**Exercise directions**
Could you write out, exactly as they stand, only the lines in the listing below from the line with "A colorful floral" to the line with "Woman finger with", both ends included, without the pictures?

-- -- --

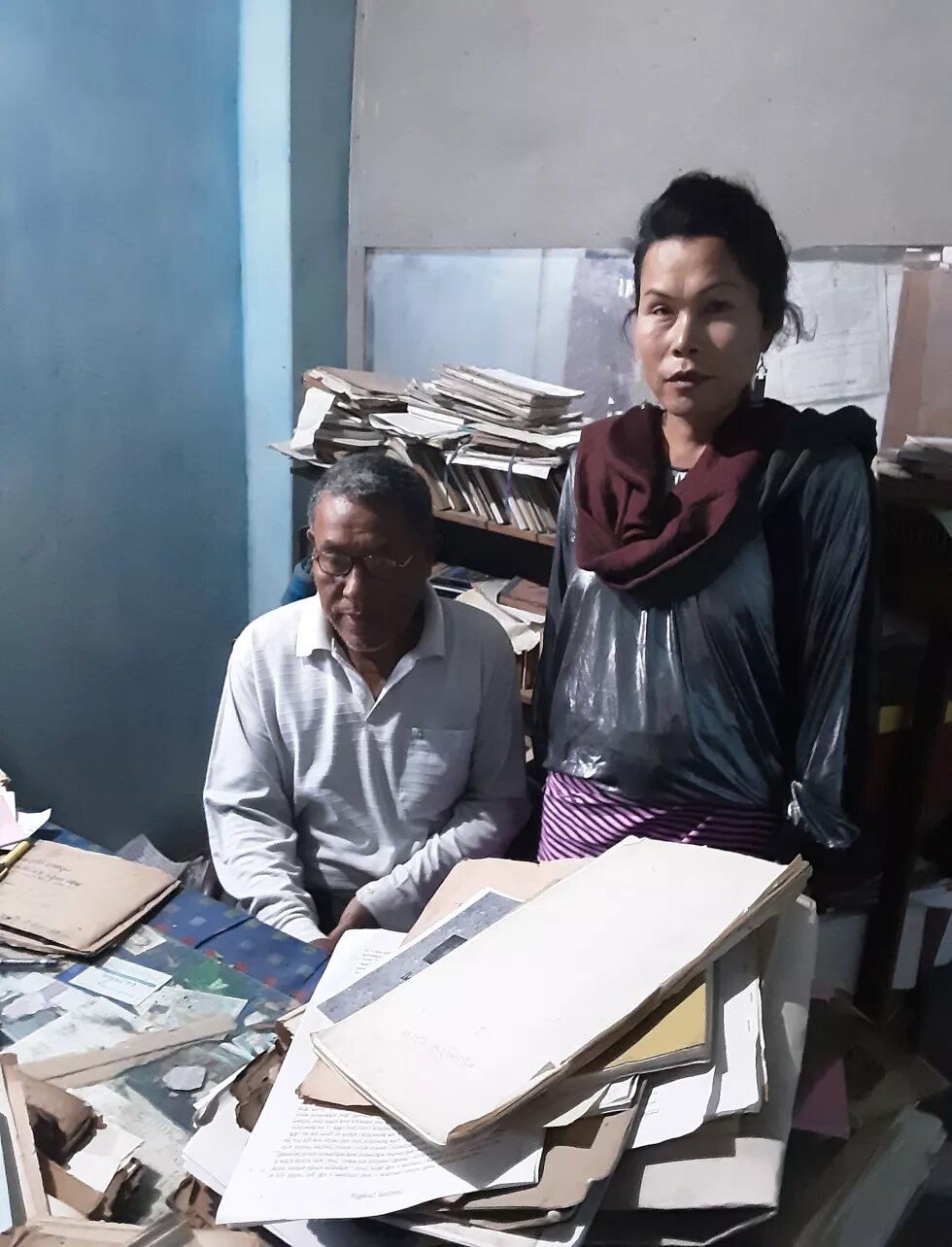 Santa Khurei in the library of a Puya (Meitei old scriptures) curator and translator of Meitei old script into modern Manipuri (Chanam Hemchandra, Naorenthong, Imphal West. Photo by: Bonita Pebam (Assist. Researcher, Pheida – Gender at the Periphery)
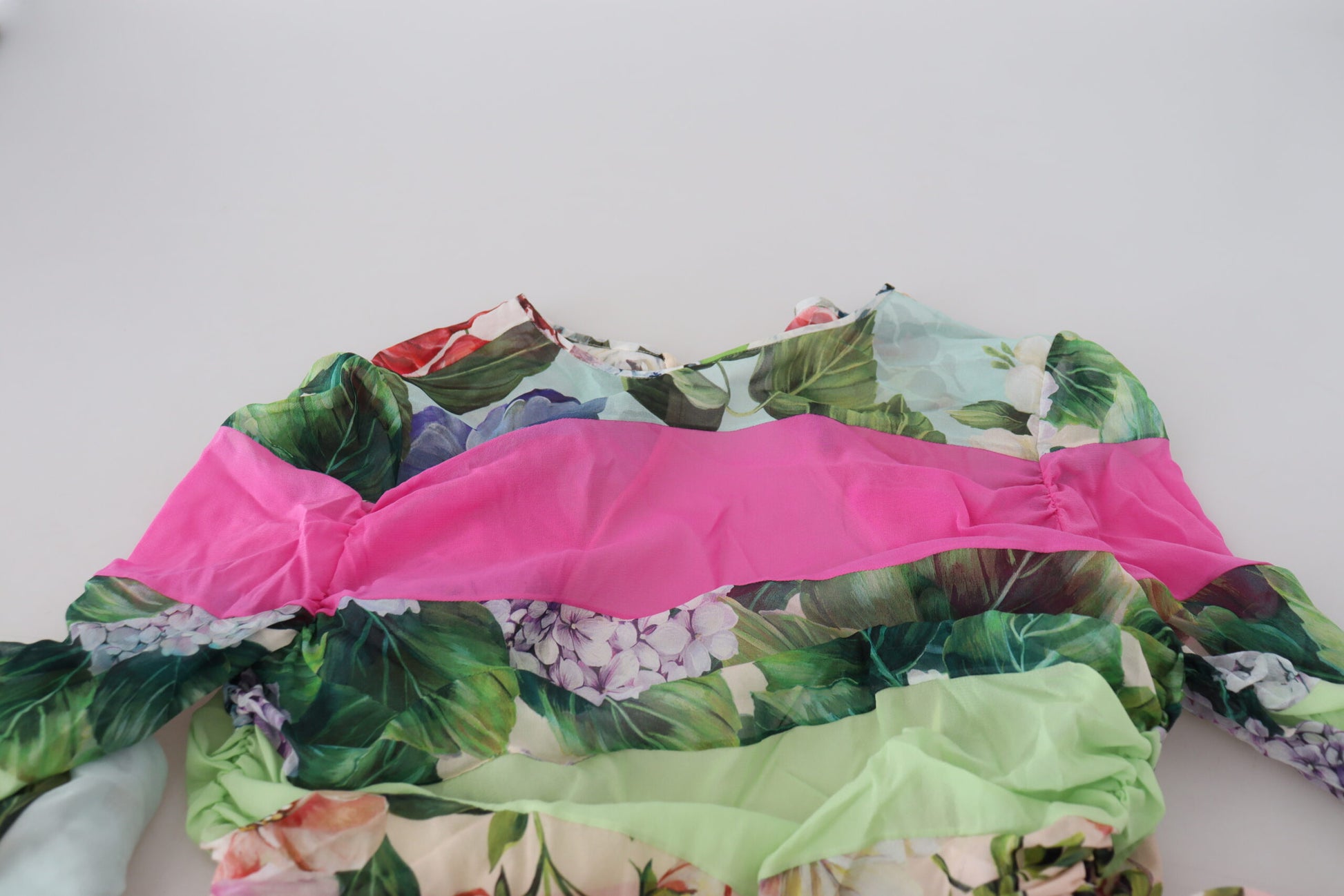 A colorful floral dress with a pink and green border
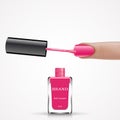 Woman finger with pink nail lacquer brush and bottle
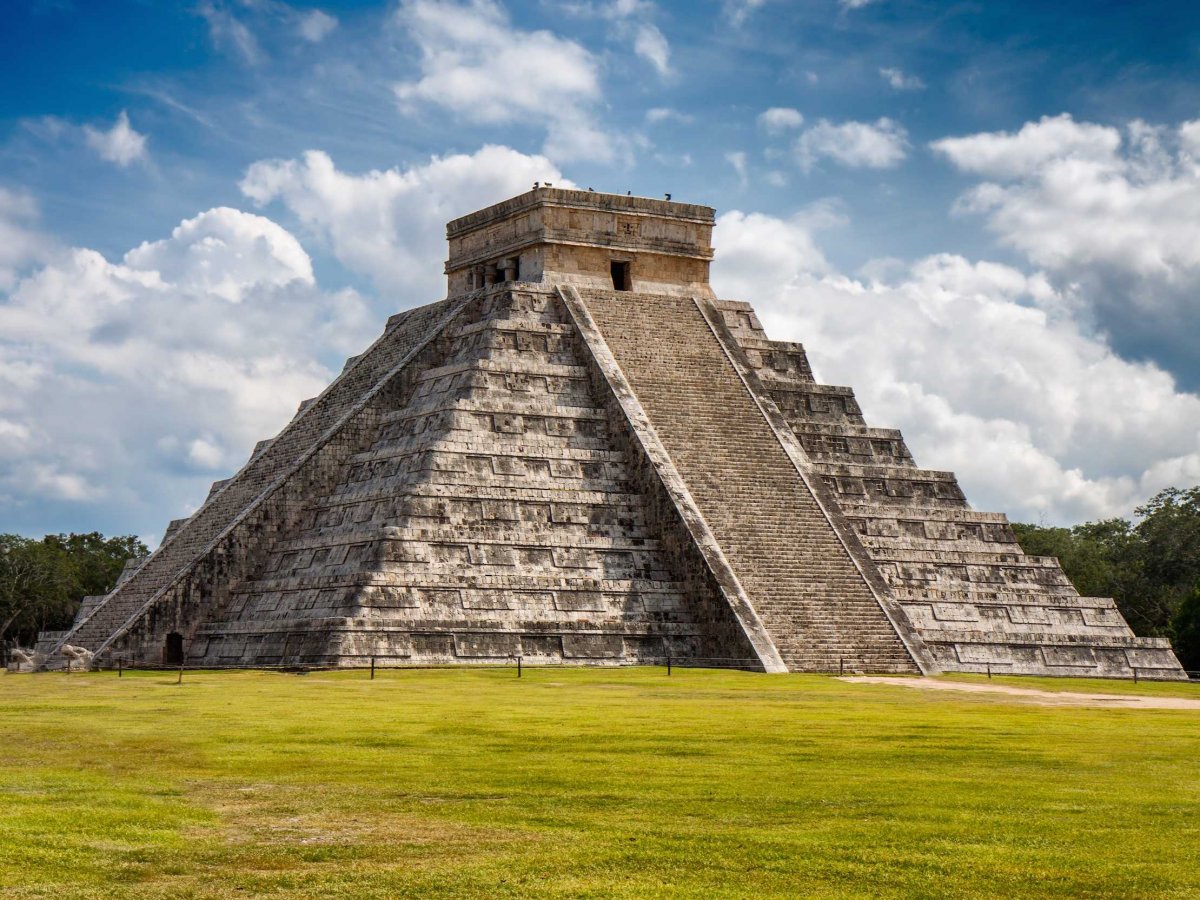 The sacred site of Chichén Itzá in Tinum, Mexico, has a rich 1,000-year history as one of the main Mayan centers of the Yucatán peninsula. The first settlement of the site dates back to 415-455 A.D.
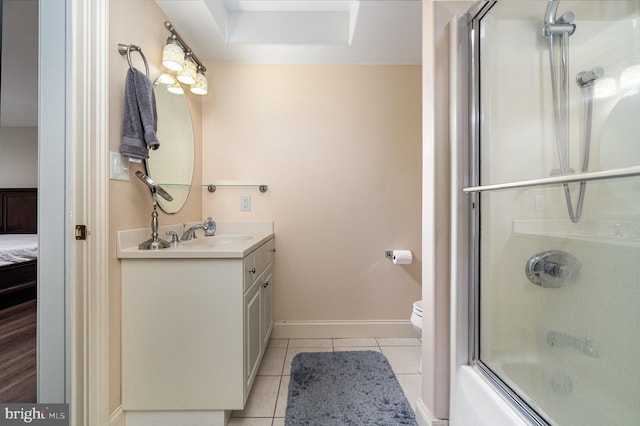 full bath featuring shower / bath combination with glass door, toilet, vanity, tile patterned flooring, and baseboards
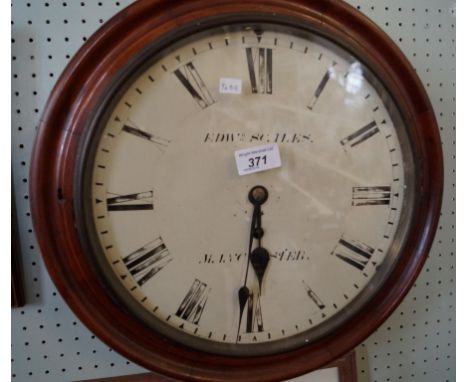 A Victorian mahogany wall clock with a white painted dial signed Edward Scales Manchester, single train movement.
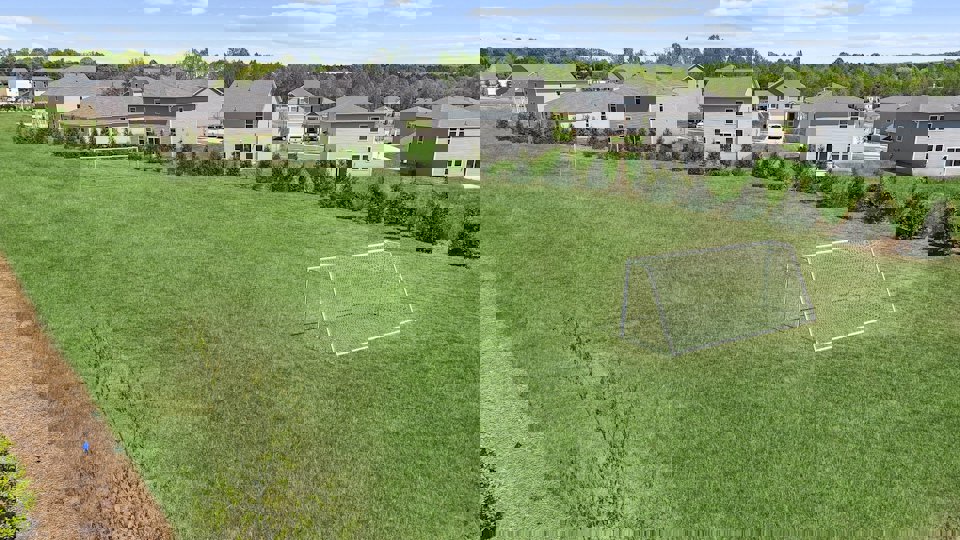 A football field with houses in the background.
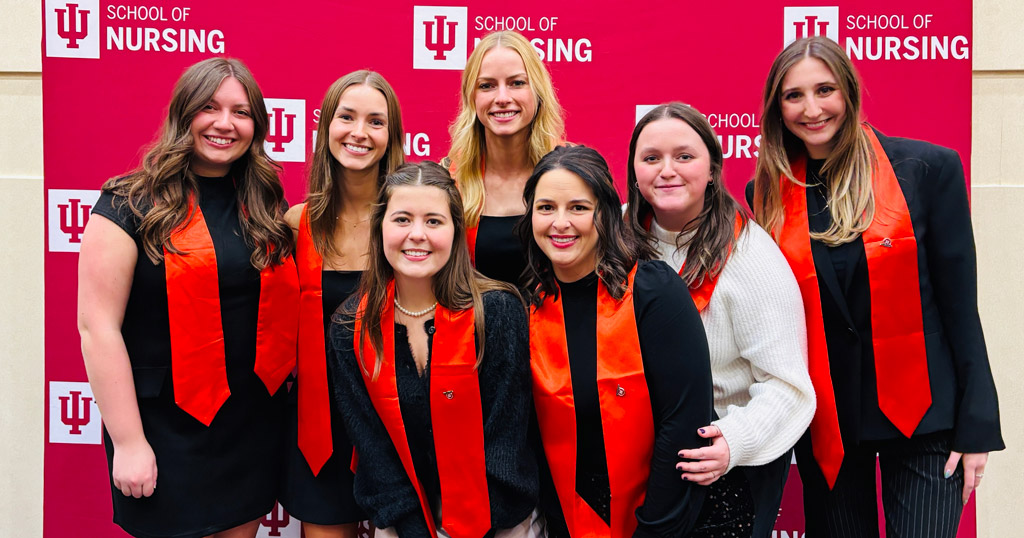 Several December 2025 graduates smile for a photo following the IU School of Nursing in Indianapolis pinning ceremony.
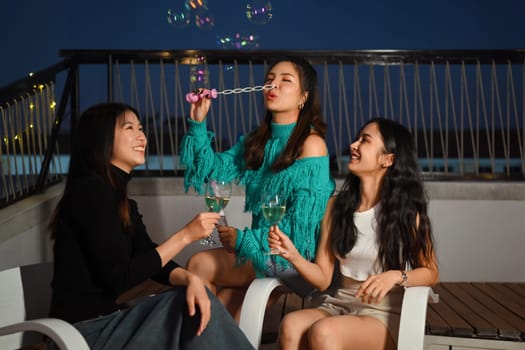 Young friends gathered together having fun toasting champagne and blowing soap bubbles at the rooftop night party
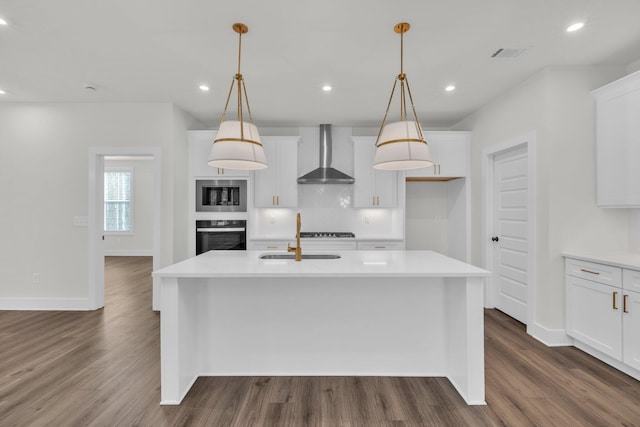 kitchen with black appliances, wall chimney range hood, recessed lighting, and a sink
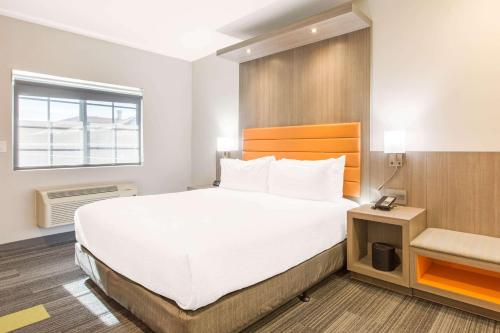 a hotel room with a large bed and a window at Rodeway Inn near Melrose Ave in Los Angeles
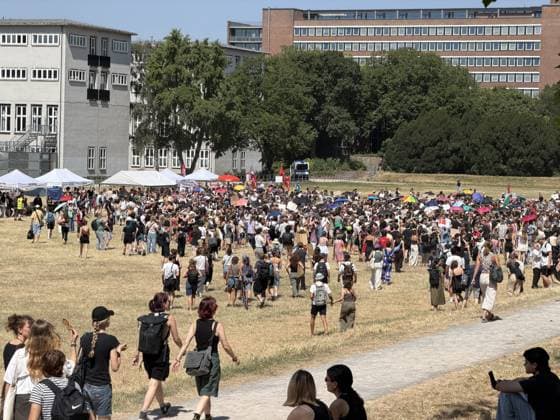 Protesters rally against German Chancellor Merz in Cologne COLOGNE, GERMANY - JULY 13: Demonstrators gather outside the University of Cologne during a protest while German Chancellor Friedrich Merz attends the official inauguration of the Adenauer School of Government in Cologne, Germany, on July 13, 2026. Around 4,000 people joined the demonstration, organized by the university s AStA together with student organizations, trade unions and political groups, criticizing the chancellor s domestic policies, migration policy, social reforms and Germany s support for Israel. Merz participated in the opening ceremony under heightened security while protesters marched and rallied near the university campus. Mesut Zeyrek Anadolu Cologne Germany. E  Copyright: x2026xAnadoluxMesutxZeyrekx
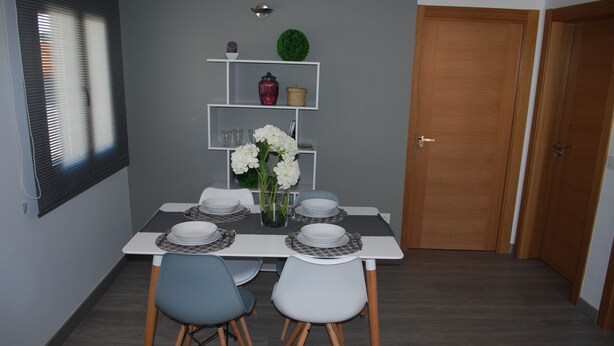 A dining area with a table set for four, two chairs, a vase with flowers, and a shelf with decorative items. - Apartamentos Rurales El Trillo (Malpartida de Plasencia)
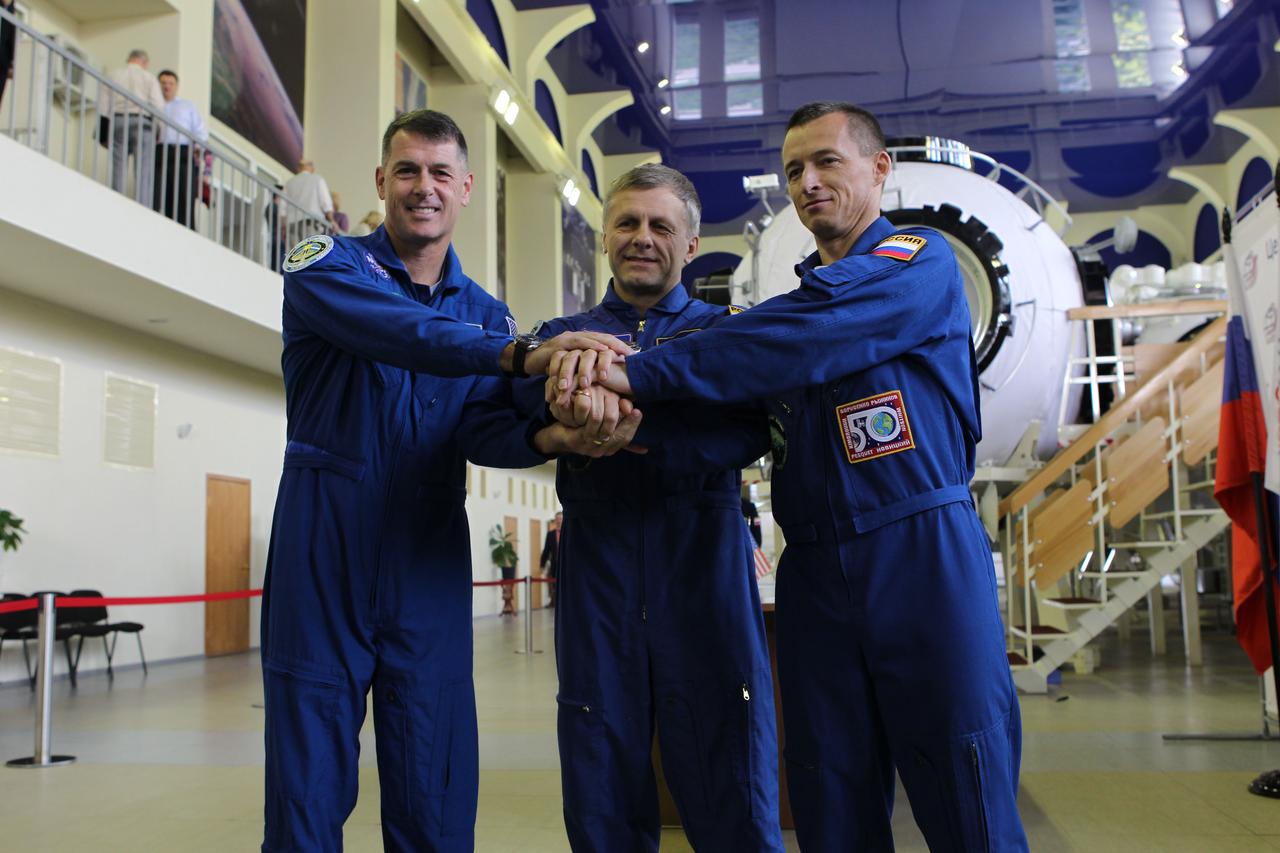 At the Gagarin Cosmonaut Training Center in Star City, Russia, Expedition 49-50 prime crewmembers Shane Kimbrough of NASA (left) and Andrey Borisenko (center) and Sergey Ryzhikov (right) of Roscosmos pose for pictures Aug. 30 at the start of two days of final qualification exams. The trio is preparing for launch on Sept. 24 (Kazakh time) on their Soyuz MS-02 vehicle from the Baikonur Cosmodrome in Kazakhstan for a five-month mission on the International Space Station. NASA/Stephanie Stoll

-- -- --

**Task output**
 A colorful floral dress with a pink and green border
 Woman finger with pink nail lacquer brush and bottle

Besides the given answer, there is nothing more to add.